Il n’empêche que la Pologne a été le cimetière de plus de deux millions de Juifs massacrés par les nazis, mais aussi par des Polonais nationalistes ou simplement pourris par des siècles d’antisémitisme catholique. (...)
Yad Vashem, le plus important centre d’archives et de recherches sur le judéocide, a sévèrement dénoncé la déclaration Netanyahou-Morawiecki, ainsi que la nouvelle loi mémorielle votée par la Diète [chambre basse du Parlement polonais] et approuvée elle aussi par le premier ministre israélien. Cette loi criminalise toute personne, chercheur, politicien ou citoyen-ne ordinaire qui impliquerait la responsabilité polonaise dans le massacre des Juifs. (...)

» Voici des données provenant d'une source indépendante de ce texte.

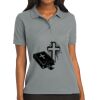 Women's Silk Touch Polo Thumbnail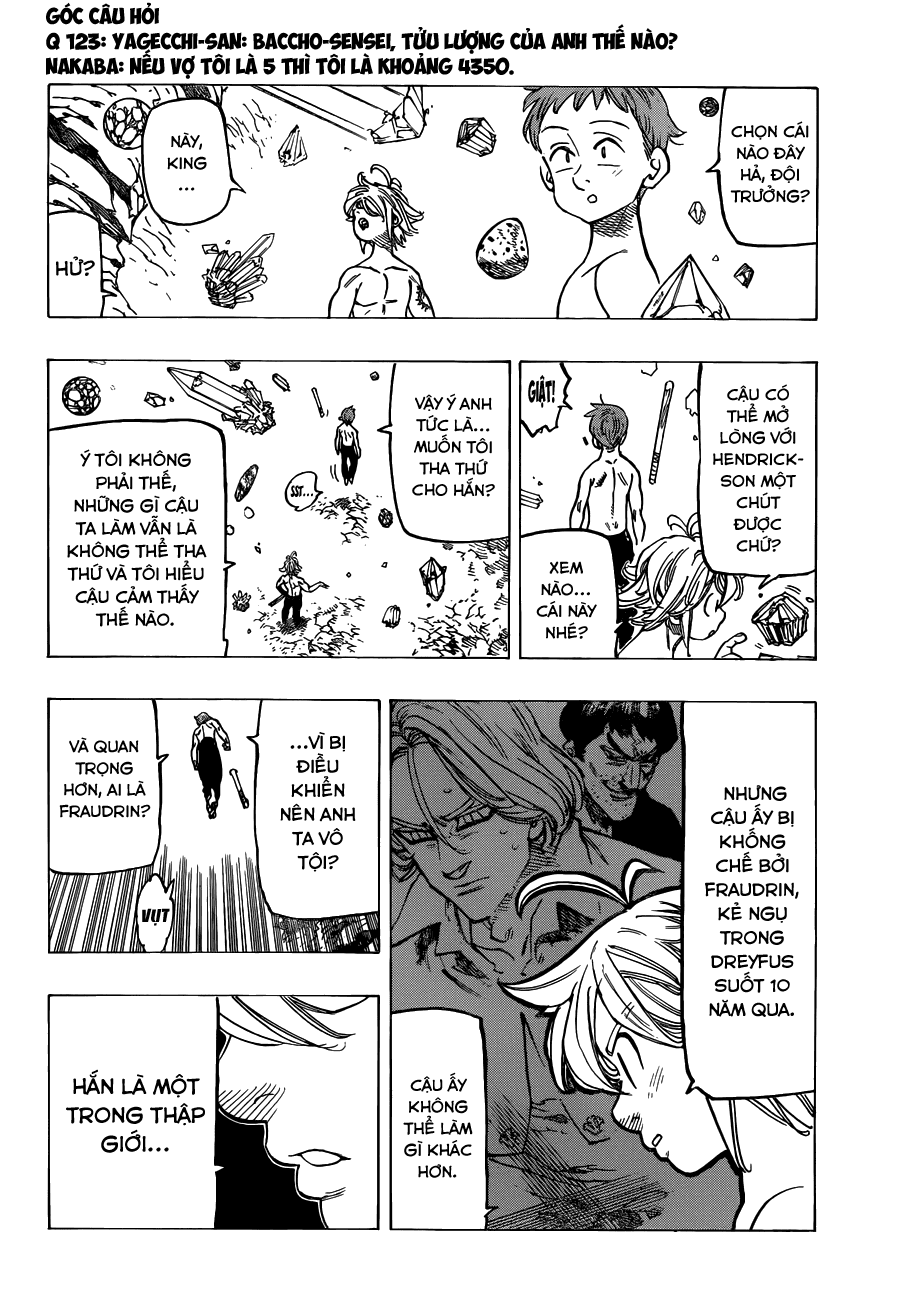 Thất Hình Đại Tội Chap 133 - Next Chap 134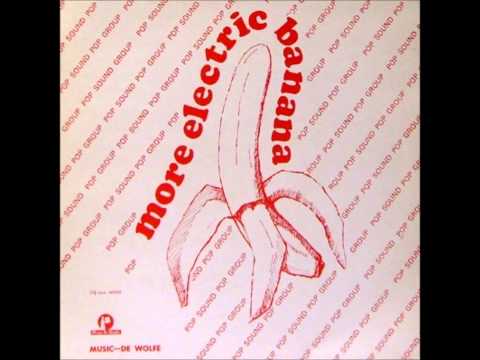 Electric Banana - I Love You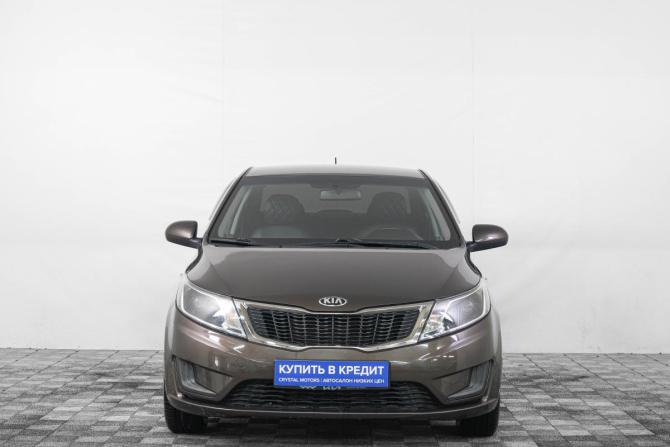 Kia Rio III с пробегом 2014 года, цена 999 000 рублей, 158000 км, седан, Автокод Объявления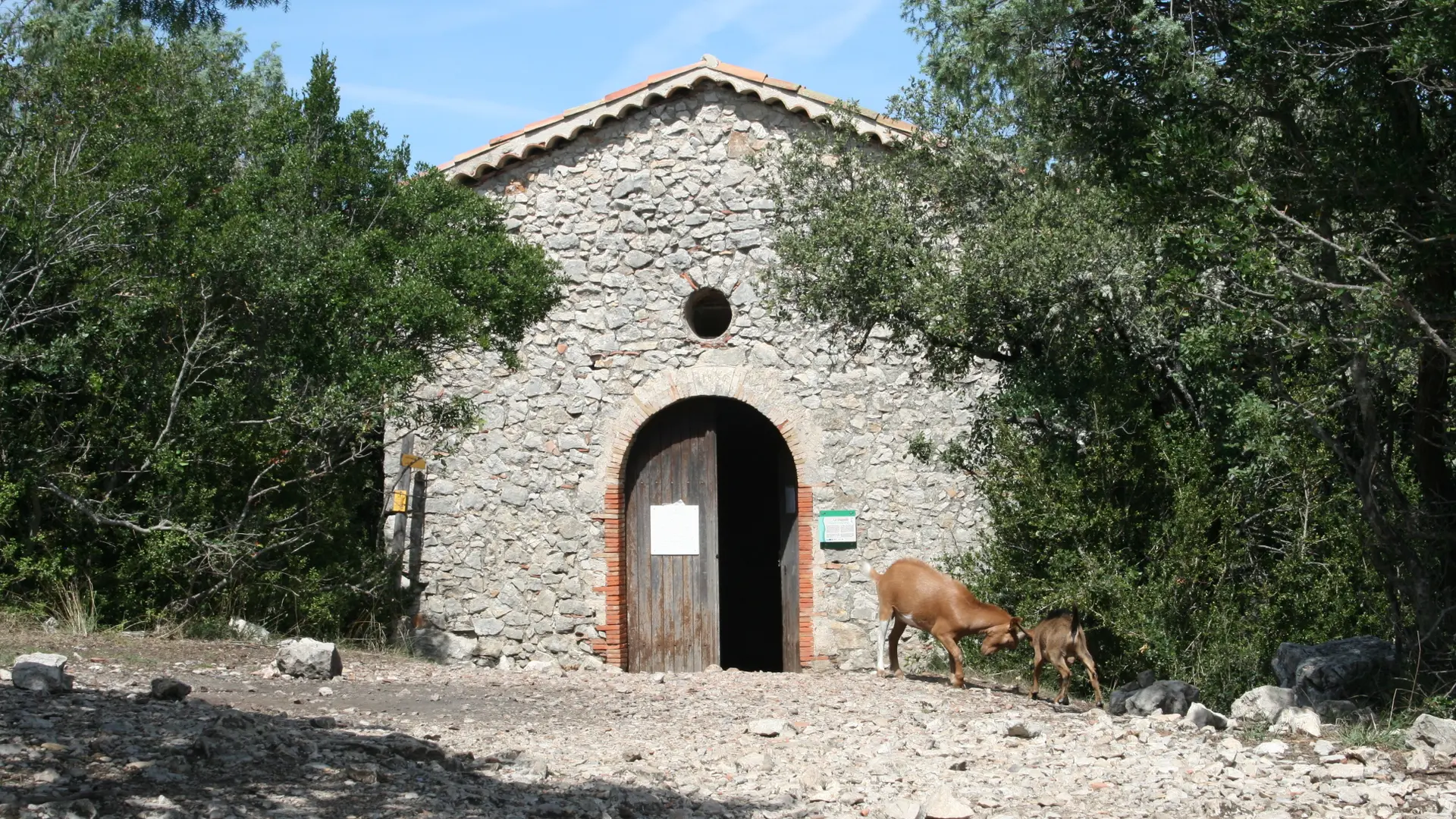 Chapelle Ste Maxime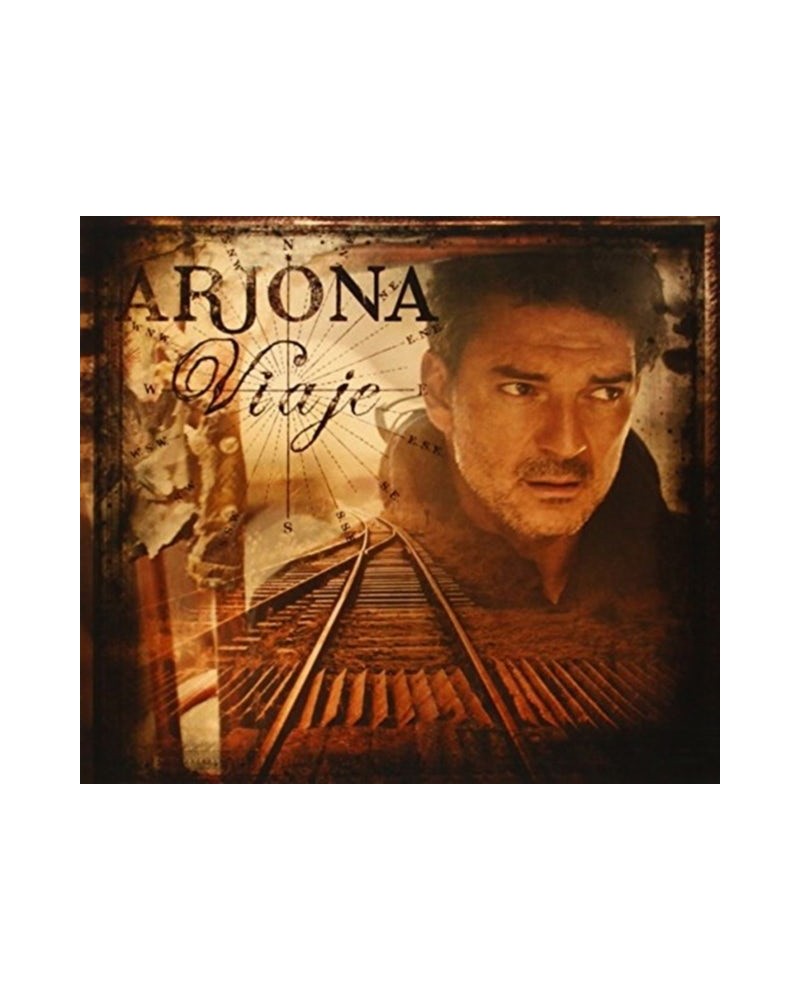 Ricardo Arjona Viaje Vinyl Record $7.42 Vinyl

Le vice-ministre polonais des Affaires étrangères a réagi avec un cynisme – « ce qui compte c’est la signature de Netanyahou, pas la déclaration de Yad Vashem » – qui expose l’étendue de l’ignominie dans laquelle le premier ministre israélien s’est délibérément vautré.
Ce choix abject relève de la stratégie, et non de l’opportunisme diplomatique, comme cela avait été le cas dans les relations entre Israël et l’Afrique du Sud ou les dictatures militaires d’Amérique latine : ce qui lie Netanyahou aux Morawiecki, Orban [premier ministre hongrois] et autres leaders d’extrême droite d’Europe centrale et orientale, ce sont des valeurs communes et la volonté de créer un front européen capable de contrebalancer les Etats dits libéraux qu’ils méprisent. Ces valeurs sont l’ultranationalisme, le racisme, la xénophobie et la haine des migrants en particulier.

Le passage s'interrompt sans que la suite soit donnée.